DATA FOR REVIEW START

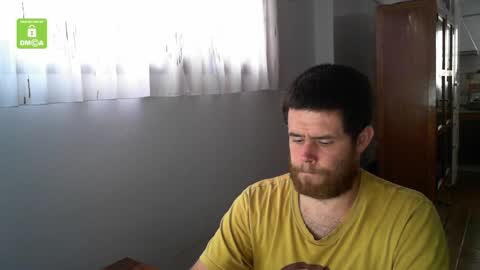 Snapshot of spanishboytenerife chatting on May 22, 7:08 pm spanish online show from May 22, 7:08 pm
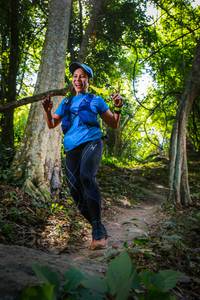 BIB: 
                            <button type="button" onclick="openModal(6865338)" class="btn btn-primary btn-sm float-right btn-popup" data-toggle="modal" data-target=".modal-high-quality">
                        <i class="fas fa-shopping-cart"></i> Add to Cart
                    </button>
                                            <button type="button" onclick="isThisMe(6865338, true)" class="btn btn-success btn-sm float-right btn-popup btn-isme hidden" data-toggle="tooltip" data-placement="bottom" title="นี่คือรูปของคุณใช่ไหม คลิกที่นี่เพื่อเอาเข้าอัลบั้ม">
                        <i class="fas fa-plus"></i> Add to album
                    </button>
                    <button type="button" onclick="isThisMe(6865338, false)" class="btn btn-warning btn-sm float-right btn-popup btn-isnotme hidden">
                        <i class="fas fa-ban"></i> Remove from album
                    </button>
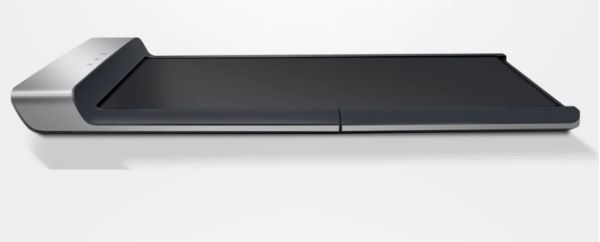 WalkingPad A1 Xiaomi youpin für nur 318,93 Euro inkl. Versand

DATA FOR REVIEW END

WHAT YOU ARE ASKED TO DO:
Repeat, with no pictures, every line from the top of the entries above through the line that has "btn-warning btn-sm float-right", keeping each one exact.

EXERCISE SOLUTION:
 Snapshot of spanishboytenerife chatting on May 22, 7:08 pm spanish online show from May 22, 7:08 pm
 BIB: 
                            <button type="button" onclick="openModal(6865338)" class="btn btn-primary btn-sm float-right btn-popup" data-toggle="modal" data-target=".modal-high-quality">
                        <i class="fas fa-shopping-cart"></i> Add to Cart
                    </button>
                                            <button type="button" onclick="isThisMe(6865338, true)" class="btn btn-success btn-sm float-right btn-popup btn-isme hidden" data-toggle="tooltip" data-placement="bottom" title="นี่คือรูปของคุณใช่ไหม คลิกที่นี่เพื่อเอาเข้าอัลบั้ม">
                        <i class="fas fa-plus"></i> Add to album
                    </button>
                    <button type="button" onclick="isThisMe(6865338, false)" class="btn btn-warning btn-sm float-right btn-popup btn-isnotme hidden">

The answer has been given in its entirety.